O único espaço de lazer que realiza seu potencial como tal na comunidade, indo além de ser um lugar não-ocupado, é o campo de futebol. Isso não quer dizer que outros locais não se transformem eventualmente em lugar de brincadeira, de encontro, de descanso.
Oficinas foram realizadas com crianças moradoras de Paraisópolis para identificar seus desejos em relação ao lugar onde vivem. Na comunidade, os espaços entre as edificações tendem a refletir as necessidades de quem construiu ali, como servir de transição entre uma casa e outra quando elas não têm quintal ou jardim. Uma das características comuns aos interstícios estudados por Eduardo é que eles são apropriados na escala do pedestre, com raras exceções, sendo que o mesmo não pode ser dito das vias que cortam os bairros formais.
As informações sobre o local foram coletadas pelo pesquisador entre a primavera de 2013 e o verão de 2014 em um percurso considerado comum dentro da comunidade.

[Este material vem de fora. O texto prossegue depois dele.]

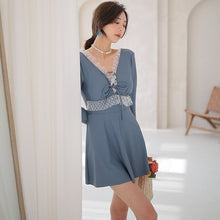 Load image into Gallery viewer, V Neck Long Sleeve Conservative Swimsuit with Lace Edge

Entre outras coisas, o estudo observou que a temperatura é mais alta e a umidade relativa do ar é mais baixa nas ruas e espaços expostos diretamente ao sol, se comparadas à temperatura e umidade das vielas que cortam as quadras de Paraisópolis.
Como uma das conclusões foi que não é possível dissociar os espaços internos e externos das favelas, as propostas de Eduardo incluem ideias para os interiores e também as áreas de transição entre essas áreas e os interstícios. Para se ter uma ideia, lajes, em Paraisópolis, correspondem aos lotes na cidade formal, sendo que cada andar é tratado como uma moradia ou ponto comercial independente.
Entre as propostas para os espaços abertos estão a constituição de um meio urbano mais aberto à ventilação e insolação por meio de um aumento do gabarito de Paraisópolis, o que configuraria novos percursos urbanos. Para equilibrar as condições ambientais externas e internas foi elaborada uma proposta para o assentamento e tijolos para proporcionar mais ventilação e proteger da incidência direta do sol. O estudo tomou como base materiais normalmente usados nas edificações do local, como tijolo maciço, blocos de concreto e cerâmicos vazados.
Durante sua pesquisa, Eduardo publicou em um jornal da comunidade um manual para que os moradores apliquem algumas das estratégias propostas e ele será transformado em uma cartilha com maiores orientações. A pesquisa foi premiada na LafargeHolcim Forum Student Poster Competition em abril e está sendo desdobrada em um estudo de doutorado também na USP.